BEGIN DATA FOR REVIEW
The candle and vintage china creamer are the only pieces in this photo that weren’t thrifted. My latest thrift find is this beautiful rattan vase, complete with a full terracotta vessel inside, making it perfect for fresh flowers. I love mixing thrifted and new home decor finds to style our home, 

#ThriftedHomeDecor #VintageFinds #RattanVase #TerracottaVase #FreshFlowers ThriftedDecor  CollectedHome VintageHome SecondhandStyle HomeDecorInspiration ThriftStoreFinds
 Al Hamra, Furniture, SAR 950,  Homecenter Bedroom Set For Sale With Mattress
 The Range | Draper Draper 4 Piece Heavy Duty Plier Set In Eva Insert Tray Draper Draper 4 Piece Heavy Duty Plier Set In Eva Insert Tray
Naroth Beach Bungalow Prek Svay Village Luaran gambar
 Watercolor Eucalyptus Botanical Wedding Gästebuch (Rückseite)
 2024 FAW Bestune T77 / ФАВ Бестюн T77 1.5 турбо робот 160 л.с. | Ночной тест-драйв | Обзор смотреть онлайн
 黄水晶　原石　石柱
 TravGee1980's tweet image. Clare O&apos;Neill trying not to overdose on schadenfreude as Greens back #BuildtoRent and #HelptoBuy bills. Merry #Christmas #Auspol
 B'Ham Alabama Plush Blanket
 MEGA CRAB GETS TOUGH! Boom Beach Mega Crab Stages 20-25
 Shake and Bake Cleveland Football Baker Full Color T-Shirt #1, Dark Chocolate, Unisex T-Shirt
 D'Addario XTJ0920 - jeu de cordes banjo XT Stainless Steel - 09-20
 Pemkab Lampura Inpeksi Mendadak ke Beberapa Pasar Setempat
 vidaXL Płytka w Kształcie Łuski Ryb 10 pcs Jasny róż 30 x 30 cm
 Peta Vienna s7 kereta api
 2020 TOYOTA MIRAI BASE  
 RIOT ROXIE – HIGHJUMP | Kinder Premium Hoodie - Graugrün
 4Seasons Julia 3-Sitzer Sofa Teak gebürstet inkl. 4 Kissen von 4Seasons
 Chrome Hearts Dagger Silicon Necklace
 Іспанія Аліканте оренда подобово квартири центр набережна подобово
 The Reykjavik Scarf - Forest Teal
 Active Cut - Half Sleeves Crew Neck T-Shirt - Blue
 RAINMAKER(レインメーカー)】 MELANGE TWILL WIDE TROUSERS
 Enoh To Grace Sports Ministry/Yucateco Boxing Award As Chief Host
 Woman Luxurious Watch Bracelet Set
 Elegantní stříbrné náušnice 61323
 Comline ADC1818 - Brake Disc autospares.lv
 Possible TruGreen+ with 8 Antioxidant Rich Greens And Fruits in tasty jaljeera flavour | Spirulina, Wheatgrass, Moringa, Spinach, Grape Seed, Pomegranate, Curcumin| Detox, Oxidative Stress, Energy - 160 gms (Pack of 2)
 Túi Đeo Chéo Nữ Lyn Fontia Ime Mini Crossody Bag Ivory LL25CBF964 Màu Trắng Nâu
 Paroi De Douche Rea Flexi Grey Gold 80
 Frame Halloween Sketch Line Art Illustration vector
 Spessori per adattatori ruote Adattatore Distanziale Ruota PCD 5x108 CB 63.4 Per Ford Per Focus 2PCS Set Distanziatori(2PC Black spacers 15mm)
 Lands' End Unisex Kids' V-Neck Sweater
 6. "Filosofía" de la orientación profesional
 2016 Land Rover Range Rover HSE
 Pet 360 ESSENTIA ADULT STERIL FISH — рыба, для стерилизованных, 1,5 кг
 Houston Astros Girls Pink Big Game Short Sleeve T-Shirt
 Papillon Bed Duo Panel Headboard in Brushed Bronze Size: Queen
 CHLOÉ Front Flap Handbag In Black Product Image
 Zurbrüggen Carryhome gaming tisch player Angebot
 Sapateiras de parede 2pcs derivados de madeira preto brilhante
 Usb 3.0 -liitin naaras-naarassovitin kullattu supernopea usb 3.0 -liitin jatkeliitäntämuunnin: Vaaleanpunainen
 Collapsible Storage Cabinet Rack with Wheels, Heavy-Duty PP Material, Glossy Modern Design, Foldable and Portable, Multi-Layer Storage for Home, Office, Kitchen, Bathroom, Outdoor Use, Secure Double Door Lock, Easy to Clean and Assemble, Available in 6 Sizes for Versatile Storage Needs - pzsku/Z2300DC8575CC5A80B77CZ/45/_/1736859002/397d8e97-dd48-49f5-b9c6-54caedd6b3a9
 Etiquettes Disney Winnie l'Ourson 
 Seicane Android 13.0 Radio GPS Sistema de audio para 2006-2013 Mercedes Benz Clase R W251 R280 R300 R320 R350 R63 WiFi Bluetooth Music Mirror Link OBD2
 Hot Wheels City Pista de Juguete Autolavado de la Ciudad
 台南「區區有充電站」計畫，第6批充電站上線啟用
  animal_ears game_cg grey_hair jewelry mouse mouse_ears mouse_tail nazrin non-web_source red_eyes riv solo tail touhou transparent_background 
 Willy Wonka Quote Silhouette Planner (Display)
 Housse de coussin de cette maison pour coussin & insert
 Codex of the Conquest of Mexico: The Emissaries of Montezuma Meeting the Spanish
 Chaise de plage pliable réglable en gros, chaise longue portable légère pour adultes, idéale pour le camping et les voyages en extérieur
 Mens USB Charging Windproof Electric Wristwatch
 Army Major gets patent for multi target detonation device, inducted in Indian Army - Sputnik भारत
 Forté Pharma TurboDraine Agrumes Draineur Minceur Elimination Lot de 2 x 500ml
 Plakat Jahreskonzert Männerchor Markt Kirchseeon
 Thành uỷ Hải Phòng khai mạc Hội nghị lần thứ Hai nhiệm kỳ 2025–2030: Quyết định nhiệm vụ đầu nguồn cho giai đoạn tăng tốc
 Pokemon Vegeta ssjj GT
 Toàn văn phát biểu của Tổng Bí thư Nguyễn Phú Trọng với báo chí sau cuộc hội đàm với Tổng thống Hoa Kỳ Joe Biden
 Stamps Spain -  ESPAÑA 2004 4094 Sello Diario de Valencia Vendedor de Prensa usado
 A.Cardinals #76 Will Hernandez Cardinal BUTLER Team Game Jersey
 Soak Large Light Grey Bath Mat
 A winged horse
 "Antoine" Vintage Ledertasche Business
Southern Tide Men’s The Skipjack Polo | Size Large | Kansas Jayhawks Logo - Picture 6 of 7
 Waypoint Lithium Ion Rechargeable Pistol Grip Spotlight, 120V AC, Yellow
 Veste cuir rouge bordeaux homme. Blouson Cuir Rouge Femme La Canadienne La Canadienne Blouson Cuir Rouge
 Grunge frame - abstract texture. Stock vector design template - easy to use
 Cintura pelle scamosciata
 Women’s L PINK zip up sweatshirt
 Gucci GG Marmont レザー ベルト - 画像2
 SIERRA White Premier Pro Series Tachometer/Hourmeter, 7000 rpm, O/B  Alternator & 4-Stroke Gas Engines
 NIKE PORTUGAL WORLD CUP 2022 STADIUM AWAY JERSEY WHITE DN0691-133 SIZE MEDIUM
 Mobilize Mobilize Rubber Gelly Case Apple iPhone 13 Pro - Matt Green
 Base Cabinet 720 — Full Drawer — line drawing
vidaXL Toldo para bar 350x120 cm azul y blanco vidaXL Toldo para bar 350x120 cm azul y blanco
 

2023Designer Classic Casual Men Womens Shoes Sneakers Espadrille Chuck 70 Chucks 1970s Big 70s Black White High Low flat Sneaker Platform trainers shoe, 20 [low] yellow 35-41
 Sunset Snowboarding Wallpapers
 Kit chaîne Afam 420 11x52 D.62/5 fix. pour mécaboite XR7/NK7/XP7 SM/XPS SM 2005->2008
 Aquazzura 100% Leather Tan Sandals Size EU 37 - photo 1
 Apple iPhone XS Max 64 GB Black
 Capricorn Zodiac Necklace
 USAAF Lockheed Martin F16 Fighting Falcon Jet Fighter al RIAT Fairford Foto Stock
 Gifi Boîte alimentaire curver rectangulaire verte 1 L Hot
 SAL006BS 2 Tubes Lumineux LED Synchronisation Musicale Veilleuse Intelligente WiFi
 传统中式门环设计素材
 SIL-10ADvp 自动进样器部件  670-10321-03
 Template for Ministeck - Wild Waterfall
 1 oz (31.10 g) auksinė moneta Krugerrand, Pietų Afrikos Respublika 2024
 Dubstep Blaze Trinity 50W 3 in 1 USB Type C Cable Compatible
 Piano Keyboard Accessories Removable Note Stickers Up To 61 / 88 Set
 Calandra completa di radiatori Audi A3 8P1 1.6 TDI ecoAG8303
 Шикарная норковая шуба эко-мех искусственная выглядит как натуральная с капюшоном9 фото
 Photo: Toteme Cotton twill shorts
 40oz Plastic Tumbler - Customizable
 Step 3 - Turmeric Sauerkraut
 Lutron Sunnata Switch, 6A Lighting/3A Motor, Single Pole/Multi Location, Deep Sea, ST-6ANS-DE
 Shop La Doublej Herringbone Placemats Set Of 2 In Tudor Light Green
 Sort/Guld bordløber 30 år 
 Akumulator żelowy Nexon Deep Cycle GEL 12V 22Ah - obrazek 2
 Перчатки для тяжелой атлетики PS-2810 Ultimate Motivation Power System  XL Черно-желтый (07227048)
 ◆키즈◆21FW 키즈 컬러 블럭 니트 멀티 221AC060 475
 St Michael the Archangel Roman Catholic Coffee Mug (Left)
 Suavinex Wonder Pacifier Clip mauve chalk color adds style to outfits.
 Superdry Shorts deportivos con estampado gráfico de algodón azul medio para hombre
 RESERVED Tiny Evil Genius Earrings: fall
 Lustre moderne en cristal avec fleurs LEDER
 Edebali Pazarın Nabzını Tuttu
END DATA FOR REVIEW
▸ WHAT TO WORK ON:
Reproduce all lines from the records above that include the word "Large".

▸ ANSWER SPACE:
 Soak Large Light Grey Bath Mat
Southern Tide Men’s The Skipjack Polo | Size Large | Kansas Jayhawks Logo - Picture 6 of 7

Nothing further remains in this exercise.